How does the Strategy “Choose Europe for Life Sciences” aim to address them?
The Strategy seeks to address these challenges through a set of concrete measures to realise the Choose Europe ambition. Key actions include new investment mechanisms that aim to strengthen public–private collaboration, the creation of an European Life Sciences R&I Data Assembly to improve data governance and interoperability or the creation of a repository of tools and best practices in responsible R&I to improve public trust and outreach.
Ultimately, these actions’ success will depend not only on their realization but also on their effective integration with other major EU initiatives, such as Research and Technology Infrastructure Strategy, the European Open Science Cloud (EOSC), and the European Health Data Space (EHDS) and others to ensure coherence across initiatives and cross-cutting domains.

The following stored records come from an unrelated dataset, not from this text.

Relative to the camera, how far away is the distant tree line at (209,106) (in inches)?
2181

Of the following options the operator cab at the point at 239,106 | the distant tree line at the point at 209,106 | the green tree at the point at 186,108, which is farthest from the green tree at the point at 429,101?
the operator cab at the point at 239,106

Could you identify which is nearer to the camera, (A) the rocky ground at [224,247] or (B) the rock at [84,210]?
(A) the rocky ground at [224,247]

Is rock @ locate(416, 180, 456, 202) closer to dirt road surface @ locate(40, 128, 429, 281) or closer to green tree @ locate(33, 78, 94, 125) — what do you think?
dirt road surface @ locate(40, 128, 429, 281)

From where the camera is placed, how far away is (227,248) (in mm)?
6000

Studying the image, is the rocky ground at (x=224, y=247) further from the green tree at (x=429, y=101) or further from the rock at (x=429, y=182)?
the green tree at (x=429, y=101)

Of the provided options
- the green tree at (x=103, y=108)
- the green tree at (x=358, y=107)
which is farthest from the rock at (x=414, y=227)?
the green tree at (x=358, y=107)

At the EU Life Science Summit in Copenhagen, the focus was on how to put the Strategy into practice. Participants discussed key aspects of the strategy and proposed innovative solutions, which were later presented to the European Commission. I had the honor of chairing one of the sessions, where we proposed the idea of a European Body for Health and Life Sciences to better connect existing EU efforts, key actors, and policy makers across Europe. What was clear from the discussions is that Europe has the ideas, the expertise, and the people, now it is about connecting them and making things happen.

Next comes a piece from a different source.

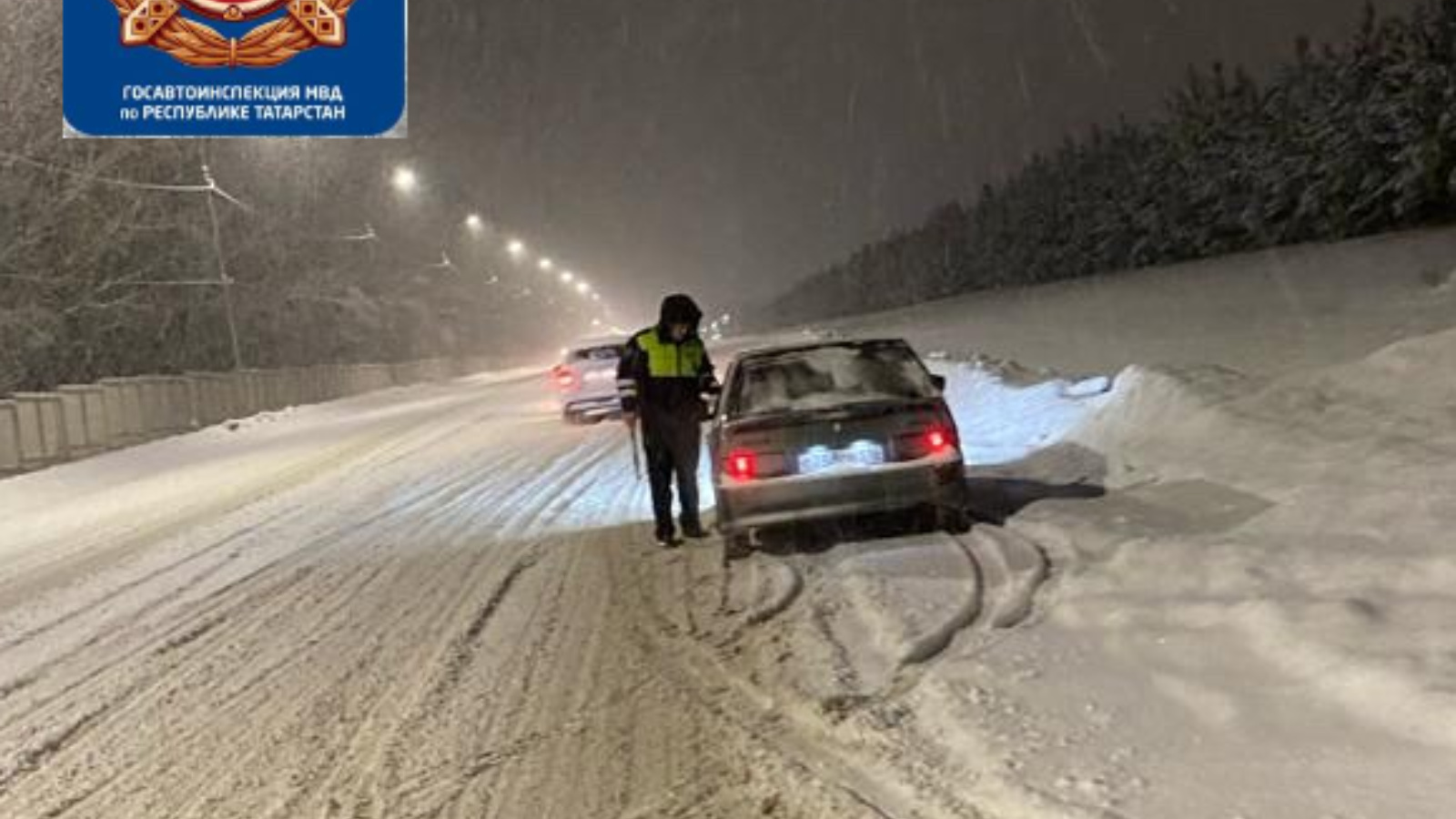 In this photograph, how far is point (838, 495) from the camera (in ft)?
28.6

Looking ahead, what role can the ERIC Forum play in supporting ERICs focused on life sciences?
The ERIC Forum will play an important role in putting the Choose Europe for Life Sciences Strategy into practice. It will help coordinate the input of Europe’s ERICs, align their activities with the Strategy’s priorities, and provide a channel for dialogue between research infrastructures, policymakers, and the European Commission. As coordinator of the ERIC Forum, BBMRI-ERIC will help steer this joint effort and ensure that the collective expertise of ERICs is fully reflected in the Strategy’s implementation, driving real progress and helping to position Europe at the forefront of global life-science research and innovation.